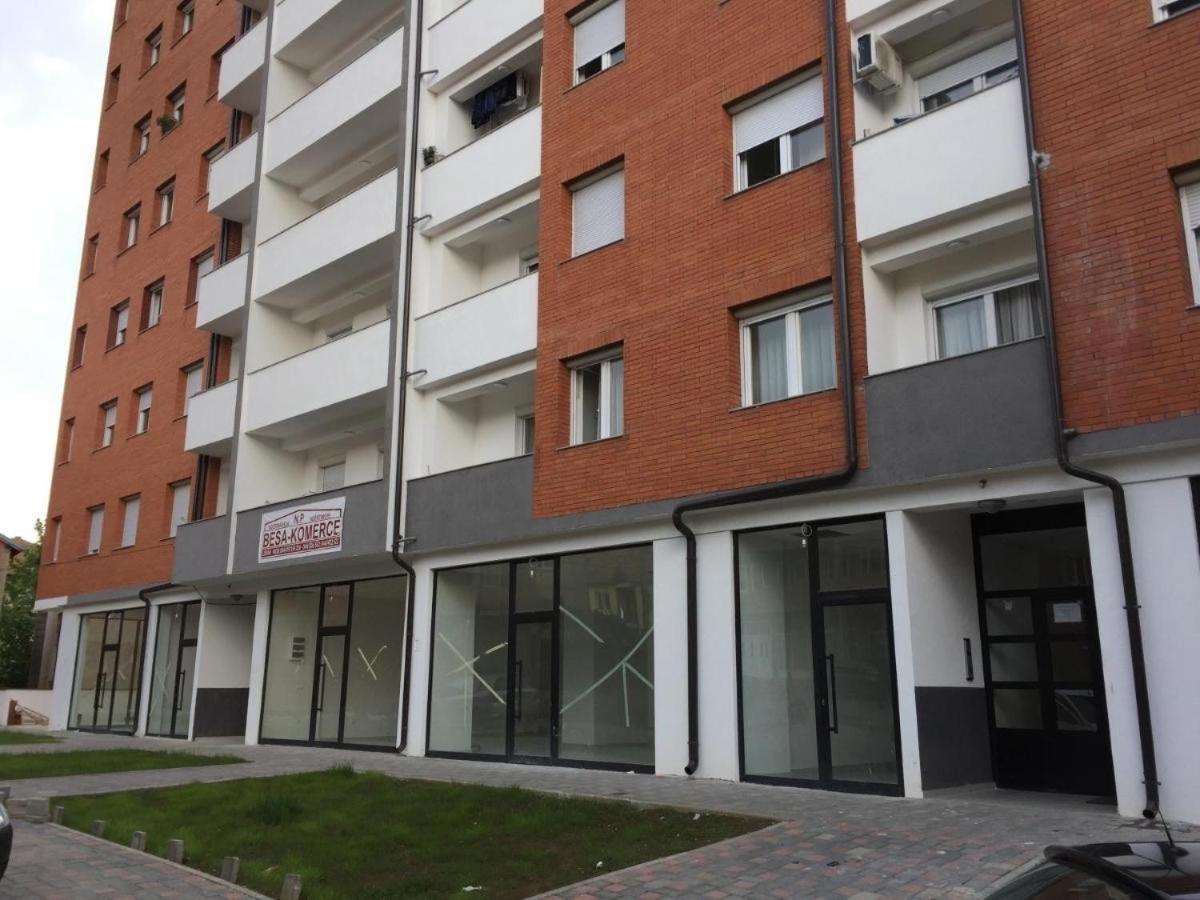 Apartment Guri Priştine Dış mekan fotoğraf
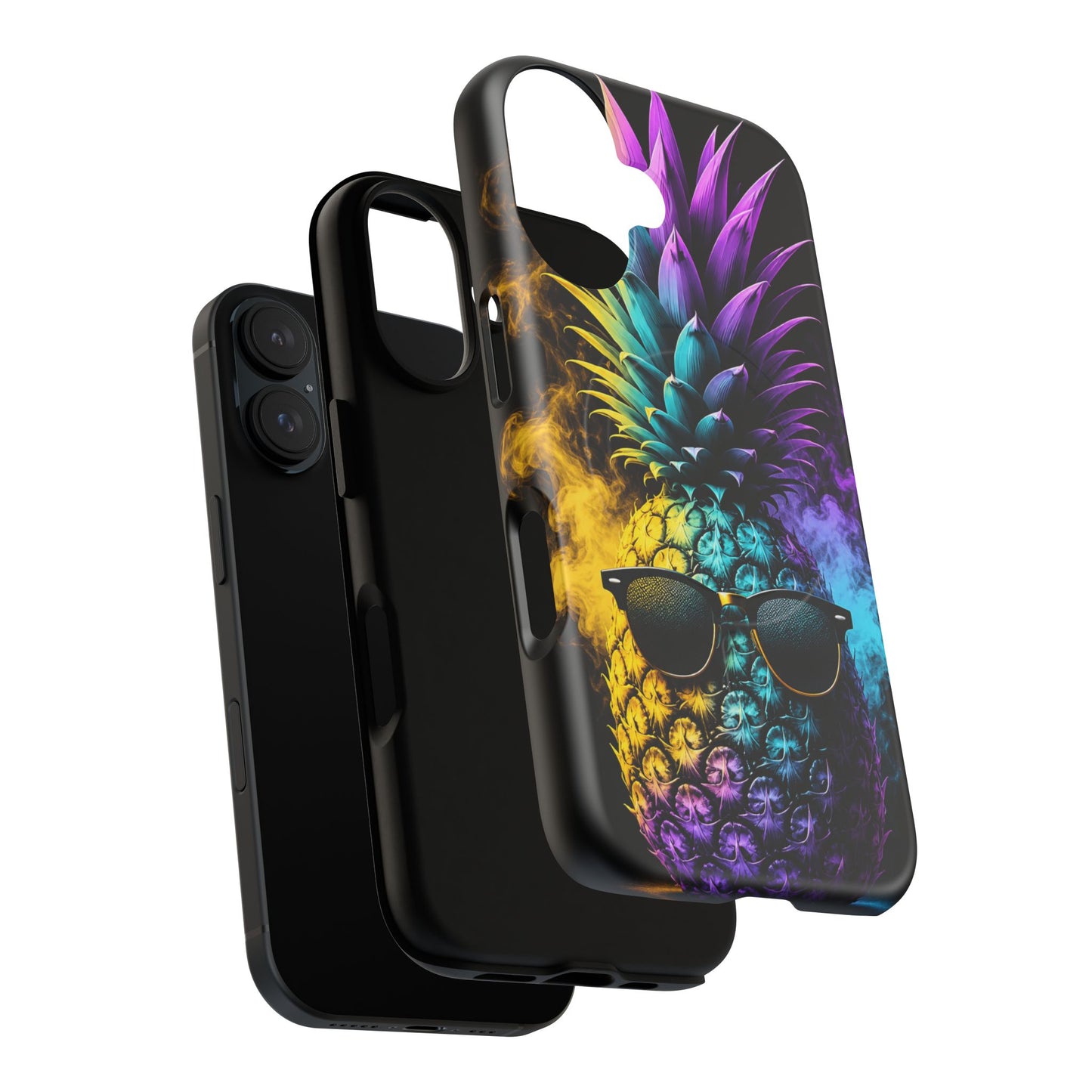 Smokin' Pineapple™ Tough Magnetic Case for iPhone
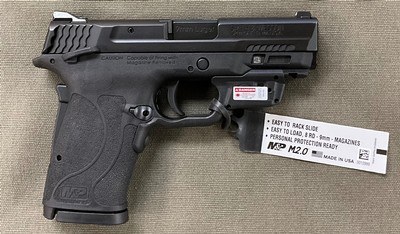 Smith & Wesson M&P 9 E2, 9mm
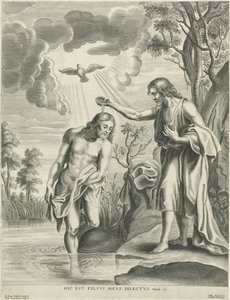 bautismo de cristo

## Activity:
The aim is an exact repeat of the entire listing, stripped of pictures.

## Result of this exercise:
 Apartment Guri Priştine Dış mekan fotoğraf
 Smokin' Pineapple™ Tough Magnetic Case for iPhone
 Smith & Wesson M&P 9 E2, 9mm
 bautismo de cristo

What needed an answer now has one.